Problem: There are cases where a small site needs (or wants) to have Internet connectivity from two ISPs without going through the hassle of getting a BGP AS number and provider-independent address space, and running BGP with both upstream ISPs.
The primary/backup scenario is very easy to implement with multiple per-interface NAT rules in IPv4 world. With some load balancing trick, you can use both links simultaneously and if you really want to stretch the envelope, you can try to deploy publicly-accessible servers (although I would try every public cloud solution before pulling this stunt).
Is this realistic? Sure it is, let me give you a personal example.
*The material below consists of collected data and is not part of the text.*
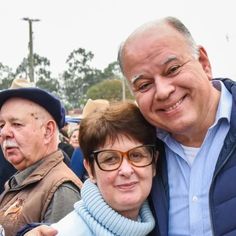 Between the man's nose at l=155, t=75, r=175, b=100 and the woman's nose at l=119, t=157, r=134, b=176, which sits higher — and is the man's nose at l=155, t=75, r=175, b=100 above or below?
above

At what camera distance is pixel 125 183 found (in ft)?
6.56

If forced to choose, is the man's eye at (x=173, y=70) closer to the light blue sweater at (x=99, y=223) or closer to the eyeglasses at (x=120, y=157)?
the eyeglasses at (x=120, y=157)

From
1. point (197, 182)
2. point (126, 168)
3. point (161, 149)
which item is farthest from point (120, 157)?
point (197, 182)

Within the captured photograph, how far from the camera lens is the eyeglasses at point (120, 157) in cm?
201

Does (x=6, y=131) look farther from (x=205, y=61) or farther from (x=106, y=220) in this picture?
(x=205, y=61)

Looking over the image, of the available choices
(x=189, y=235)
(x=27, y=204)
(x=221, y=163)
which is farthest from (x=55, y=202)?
(x=221, y=163)

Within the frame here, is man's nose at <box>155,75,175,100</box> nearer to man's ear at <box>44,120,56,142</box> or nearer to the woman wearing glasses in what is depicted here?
the woman wearing glasses

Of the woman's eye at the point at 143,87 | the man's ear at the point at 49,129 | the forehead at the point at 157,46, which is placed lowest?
the man's ear at the point at 49,129

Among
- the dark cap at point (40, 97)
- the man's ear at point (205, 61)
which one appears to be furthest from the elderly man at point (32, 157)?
the man's ear at point (205, 61)

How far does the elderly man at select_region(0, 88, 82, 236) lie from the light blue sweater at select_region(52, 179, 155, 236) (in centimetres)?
47

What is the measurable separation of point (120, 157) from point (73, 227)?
13.5 inches

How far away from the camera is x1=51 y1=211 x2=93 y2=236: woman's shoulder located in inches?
76.7

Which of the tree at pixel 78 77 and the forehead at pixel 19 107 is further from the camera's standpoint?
the tree at pixel 78 77

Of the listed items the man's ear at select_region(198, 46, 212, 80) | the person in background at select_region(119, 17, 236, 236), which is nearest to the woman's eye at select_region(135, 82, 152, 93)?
the person in background at select_region(119, 17, 236, 236) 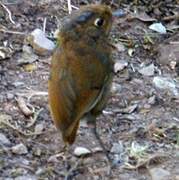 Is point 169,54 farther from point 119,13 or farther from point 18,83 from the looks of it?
point 18,83

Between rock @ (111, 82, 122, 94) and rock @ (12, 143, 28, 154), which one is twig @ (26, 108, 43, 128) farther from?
rock @ (111, 82, 122, 94)

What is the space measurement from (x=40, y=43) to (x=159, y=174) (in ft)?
4.70

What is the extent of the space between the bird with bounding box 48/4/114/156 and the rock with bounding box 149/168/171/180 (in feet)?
1.56

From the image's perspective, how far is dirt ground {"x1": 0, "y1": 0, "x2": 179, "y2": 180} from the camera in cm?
457

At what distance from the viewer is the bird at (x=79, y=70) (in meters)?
4.30

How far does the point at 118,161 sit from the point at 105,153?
0.09m

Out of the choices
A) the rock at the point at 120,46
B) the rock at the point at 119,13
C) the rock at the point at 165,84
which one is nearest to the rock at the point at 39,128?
the rock at the point at 165,84

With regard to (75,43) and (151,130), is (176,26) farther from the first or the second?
(75,43)

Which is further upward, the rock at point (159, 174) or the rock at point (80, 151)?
the rock at point (159, 174)

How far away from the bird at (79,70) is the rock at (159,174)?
47 centimetres

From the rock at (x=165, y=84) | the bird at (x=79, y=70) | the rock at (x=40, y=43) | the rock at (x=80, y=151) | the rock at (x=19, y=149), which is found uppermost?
the bird at (x=79, y=70)

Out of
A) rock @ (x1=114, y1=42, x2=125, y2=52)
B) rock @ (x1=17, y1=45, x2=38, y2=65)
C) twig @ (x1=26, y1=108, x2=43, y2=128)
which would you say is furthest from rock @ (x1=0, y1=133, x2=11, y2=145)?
rock @ (x1=114, y1=42, x2=125, y2=52)

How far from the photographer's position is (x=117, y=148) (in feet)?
15.5

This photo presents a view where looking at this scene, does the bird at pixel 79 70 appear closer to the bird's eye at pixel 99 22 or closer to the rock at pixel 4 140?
the bird's eye at pixel 99 22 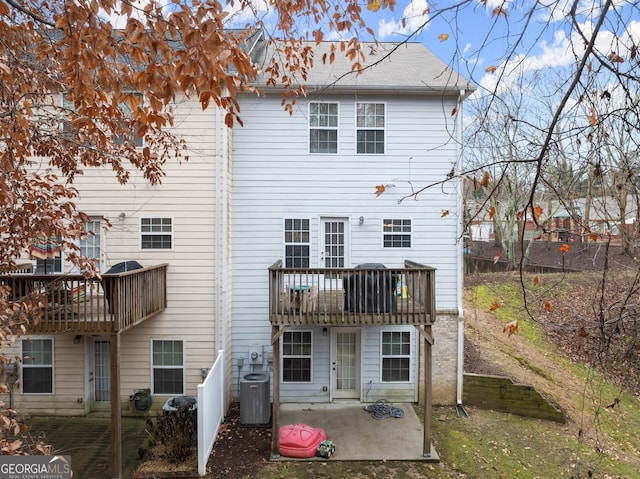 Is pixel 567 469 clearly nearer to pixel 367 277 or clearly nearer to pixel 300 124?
pixel 367 277

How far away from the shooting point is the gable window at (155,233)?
9320mm

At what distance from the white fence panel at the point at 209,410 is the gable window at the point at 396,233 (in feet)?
15.5

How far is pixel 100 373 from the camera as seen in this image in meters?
9.49

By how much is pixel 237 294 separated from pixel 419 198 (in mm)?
5073

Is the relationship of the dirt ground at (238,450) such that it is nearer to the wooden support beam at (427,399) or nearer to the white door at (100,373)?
the wooden support beam at (427,399)

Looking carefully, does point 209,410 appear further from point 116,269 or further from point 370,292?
point 370,292

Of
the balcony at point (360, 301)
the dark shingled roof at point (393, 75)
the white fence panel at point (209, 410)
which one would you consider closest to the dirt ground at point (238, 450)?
the white fence panel at point (209, 410)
I usually work from home and Internet is one of my indispensable tools; it’s totally unacceptable to have no Internet connectivity for a few hours (or days). I’m positive more and more individuals and small businesses will have similar requirements.
What’s the big deal with IPv6? The IPv4 approach to this problem involves heavy use of NAT44, which allows us to control the return path (based on source IP address in the outgoing packet). As of today, there’s no production-grade NAT66 (see comments to this post), so the same principle cannot be deployed in IPv6 world.
Worst case, if we can’t make small-site multihoming work reliably with IPv6, a lot of users will be forced to go down the PI/BGP path and the Internet routing tables will explode even faster than expected.
Alternative approaches? Multihoming was supposed to be an integral part of IPv6 (not really, a lot of details are missing – another topic of my Upcoming Internet Challenges webinar), but maybe the following trick would work for small sites. Please share your opinions in the comments.
Could this work?
A CPE router with two uplinks will get delegated prefixes from both ISPs through DHCPv6. You can assign both prefixes to the LAN interface and your IPv6 hosts using stateless autoconfiguration (SLAAC – RFC 4862) will get an address from each delegated prefix (having multiple IPv6 addresses per interface is a standard IPv6 feature). However, the address selection rules the IPv6 hosts are suppose to use (RFC 3484) don’t take in account the path availability.
If one of the upstream links fails, your IPv6 hosts would continue using the IPv6 address from the now-unreachable address space and although the outbound traffic would be forwarded over the remaining link, the return traffic would end up in wrong AS (with the failed link to your site) and would be dropped.
Assuming DHCPv6 prefix delegation and DHCPv6 clients in CPE routers work as intended, it’s possible to detect link loss and subsequent delegated prefix loss, and revoke the IPv6 prefix from router advertisements sent to the LAN interfaces, but that might be a slow process. The minimum valid lifetime of an IPv6 prefix in ND messages used for stateless autoconfiguration is two hours to prevent denial-of-service attacks (see paragraph (e) of section 5.5.3 of RFC 4862), so it could take up to two hours for the IPv6 connectivity to be fully operational after a link loss. Not something I would be happy with.
Last but not least, unless you use some crazy EEM-triggered tricks, your IPv6 hosts will have addresses from both ISPs most of the time. Influencing address selection rules is not trivial (this is how you can do it on Linux and this is the procedure for Windows) and unless you’re pretty experienced your hosts will select one path or the other based on whatever internal decisions they make, not based on the primary/backup selection you’d like to have.
What do you think? Would the end-users who need redundant connectivity implement this kludge or would they request PI address space, BGP AS number and implement BGP (or just ask both ISPs to install static routes for their PI prefix) ... or shall we wait for NAT66?